▶ WHAT THE TASK REQUIRES
Please copy exactly the part of the records below that opens with the line containing "Moda Rotund Charm" and closes with the line containing "Gabriela Hearst Black Sansi Linen Shirt", leaving out any pictures.

▶ EXERCISE DATA

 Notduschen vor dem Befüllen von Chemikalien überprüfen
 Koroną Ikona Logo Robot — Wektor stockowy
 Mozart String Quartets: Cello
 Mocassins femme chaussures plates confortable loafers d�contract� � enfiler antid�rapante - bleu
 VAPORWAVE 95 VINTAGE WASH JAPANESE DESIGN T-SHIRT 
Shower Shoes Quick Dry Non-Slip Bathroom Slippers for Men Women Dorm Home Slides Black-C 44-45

==

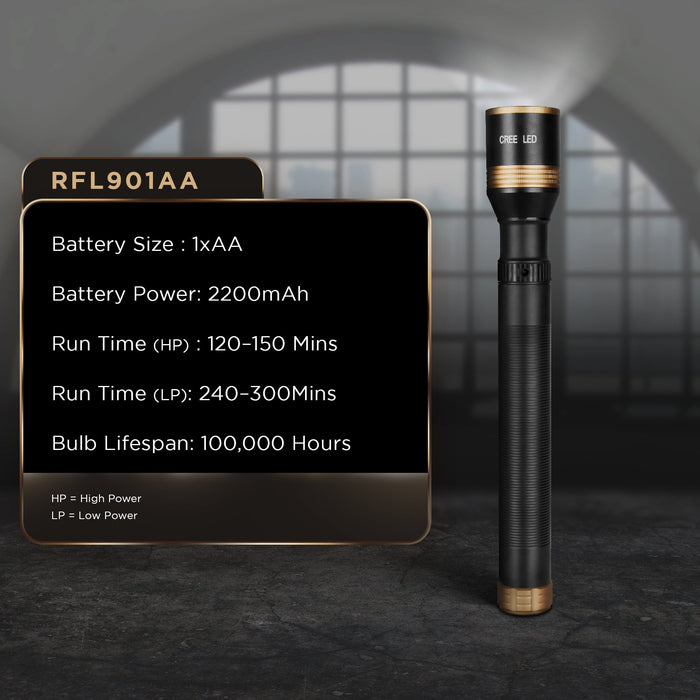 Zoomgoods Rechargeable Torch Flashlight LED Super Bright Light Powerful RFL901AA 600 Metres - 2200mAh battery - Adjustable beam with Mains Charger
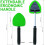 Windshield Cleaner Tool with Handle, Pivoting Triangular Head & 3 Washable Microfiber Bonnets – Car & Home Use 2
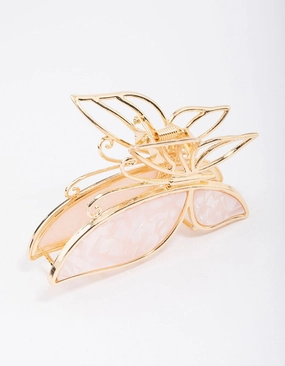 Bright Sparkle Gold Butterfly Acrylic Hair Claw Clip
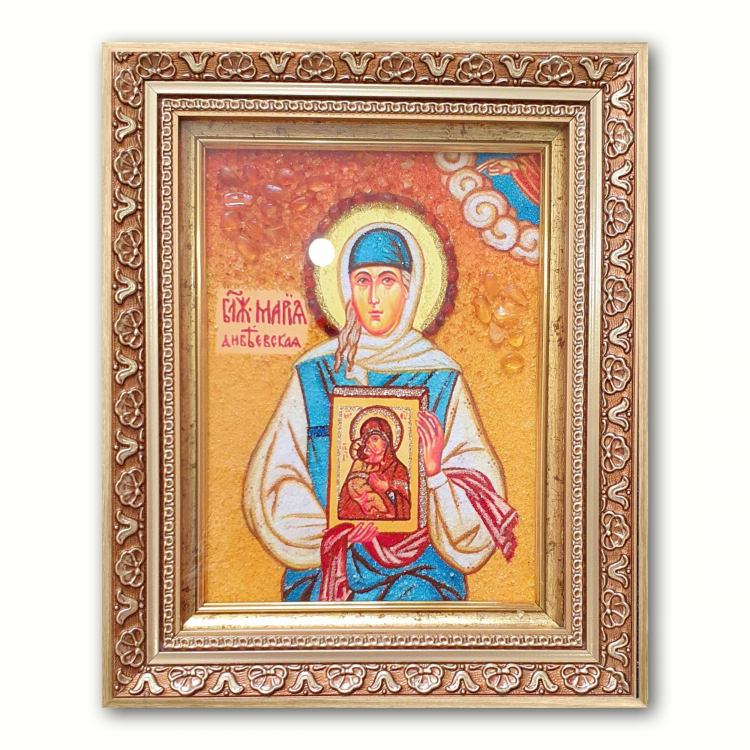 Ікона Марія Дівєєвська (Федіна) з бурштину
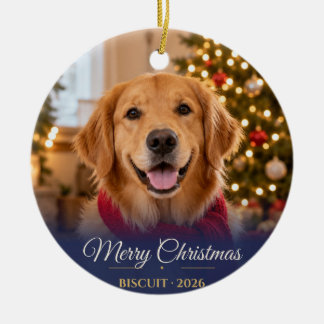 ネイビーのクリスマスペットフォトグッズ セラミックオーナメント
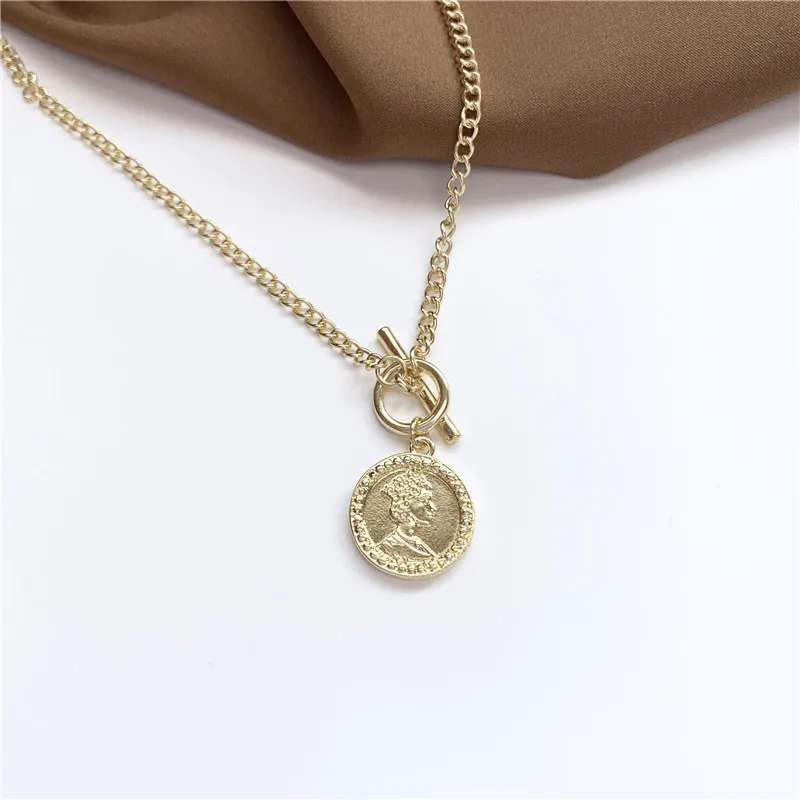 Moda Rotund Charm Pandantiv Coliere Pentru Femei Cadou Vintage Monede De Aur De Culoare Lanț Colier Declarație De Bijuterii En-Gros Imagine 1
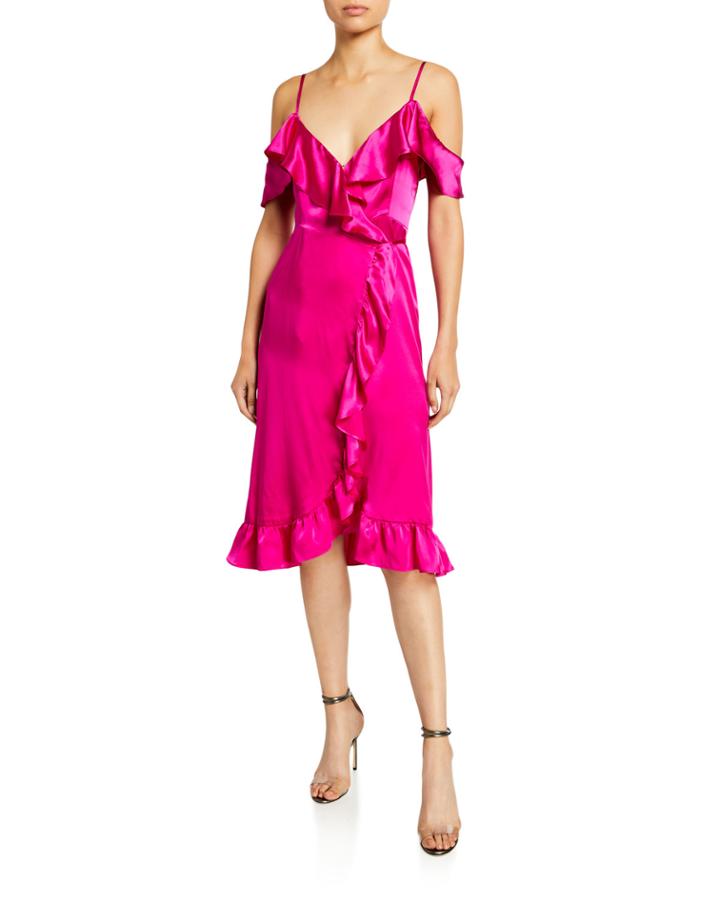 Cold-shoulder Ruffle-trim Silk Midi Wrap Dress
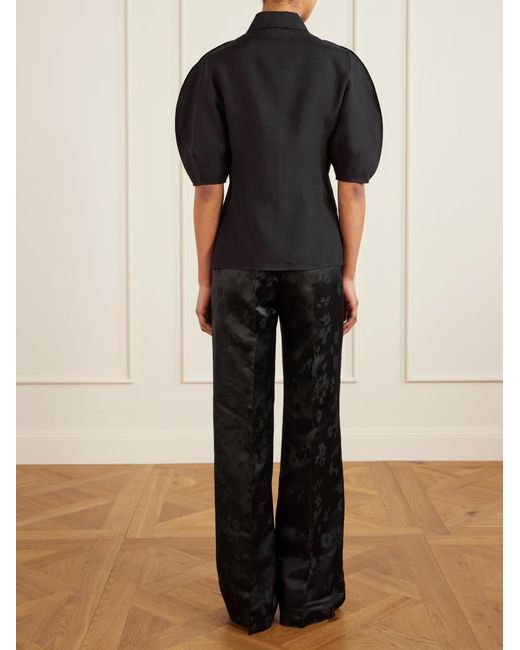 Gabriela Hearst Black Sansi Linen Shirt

▶ RESULT
 Moda Rotund Charm Pandantiv Coliere Pentru Femei Cadou Vintage Monede De Aur De Culoare Lanț Colier Declarație De Bijuterii En-Gros Imagine 1
 Cold-shoulder Ruffle-trim Silk Midi Wrap Dress
 Gabriela Hearst Black Sansi Linen Shirt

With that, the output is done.